NC: Como se faz o diagnóstico de uma doença relacionada com o colagénio?
PB – As alterações na estrutura ou no metabolismo do colagénio podem ter consequências clínicas significativas por afetarem tecidos como ossos, articulações, vasos sanguíneos e pele e, portanto, estarem associadas a uma panóplia de sintomas e sinais. Para investigar as causas subjacentes é essencial realizar uma história clínica detalhada, incluindo história familiar de doenças do tecido conjuntivo, fazer exames ao sangue, estudos de imagiologia dirigida (como densitometria óssea, ressonância magnética osteoarticular, etc) e eventualmente recorrer a estudos genéticos, que podem identificar mutações em genes importantes.
Existem várias causas por detrás das doenças associadas ao colagénio. Temos causas relacionadas com o envelhecimento, doenças auto-imunes, doenças genéticas, fatores ambientais (tabagismo, exposição solar), entre outros. Alguns exemplos de patologias associadas a subtipos específicos de colagénio incluem:
Doenças relacionadas com a idade:
- Osteoporose (envolvimento predominante de colagénio tipo I);
- Osteoartrose (envolvimento predominante de colagénio tipo II);
Doenças genéticas:
- Condrodisplasias, associadas ao colagénio tipo II;
- Osteogénese imperfeita, ligada a mutações no colagénio tipo I;
- Síndrome de Alport e Síndrome de Ehlers–Danlos, com alterações no colagénio tipo IV;
- Glomerulopatia de colagénio tipo III.
Doenças auto-imunes:
- Dermatite atópica, possivelmente associada ao colagénio tipo III;
- Artrite reumatoide, com alterações predominantes no colagénio tipo II;
- Lúpus, sem um subtipo específico associado.
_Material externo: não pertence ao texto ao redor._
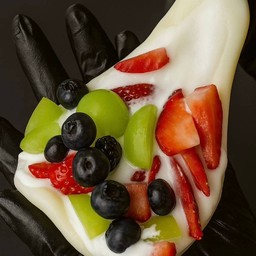 โมจิครีมชีสผลไม้สด&กรีกโยเกิร์ต บ้านน้องเจได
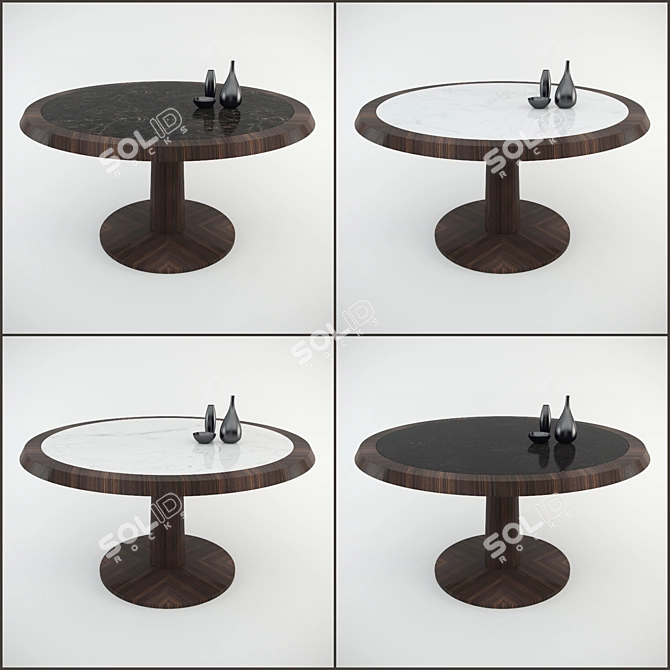 Poliform Anna Round Table - 1380mm Diameter 3D model image 2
No caso do Renato Sanches, a idade jovem, combinada com lesões musculares frequentes e recorrentes, poderá levantar a suspeita de uma condição genética, mas temos poucos dados para uma convicção diagnóstica, podendo ser outra causa, obviamente.
Contudo, o diagnóstico precoce nestas situações é essencial para prevenir agravamento clínico, orientar o tratamento e, no caso de atletas, adaptar o treino e a reabilitação de forma individualizada.
NC: Que tratamentos existem disponíveis para as doenças do colagénio?
PB - Infelizmente, muitas destas doenças não têm cura definitiva, por serem genéticas ou degenerativas. No entanto, existe uma abordagem terapêutica eficaz centrada em reduzir os sintomas, prevenir lesões e melhorar a qualidade de vida. As estratégias incluem: fisioterapia e exercício físico adaptado, para reforço muscular e estabilidade articular; nutrição adequada, com foco em nutrientes que ajudam na síntese de colagénio (como vitamina C, zinco, cobre e aminoácidos como a glicina e a prolina); suplementação com colagénio hidrolisado, que pode ser benéfica em alguns casos, sobretudo como suporte à regeneração dos tecidos; medicamentos específicos, conforme os sintomas, como analgésicos, anti-inflamatórios ou, em situações mais graves, terapêuticas biológicas. O acompanhamento deve ser sempre multidisciplinar e individualizado, e a prevenção de lesões é um dos principais objetivos.
Muito obrigado, Dr. Pedro Barreira, por mais esta partilha tão clara e relevante.
O caso de Renato Sanches traz luz para uma realidade que pode afetar outras pessoas, inclusivé fora do desporto de alta competição, e lembra-nos da importância de cuidarmos do nosso corpo “de dentro para fora”.
E as melhoras para o nosso querido jogador Renato Sanches!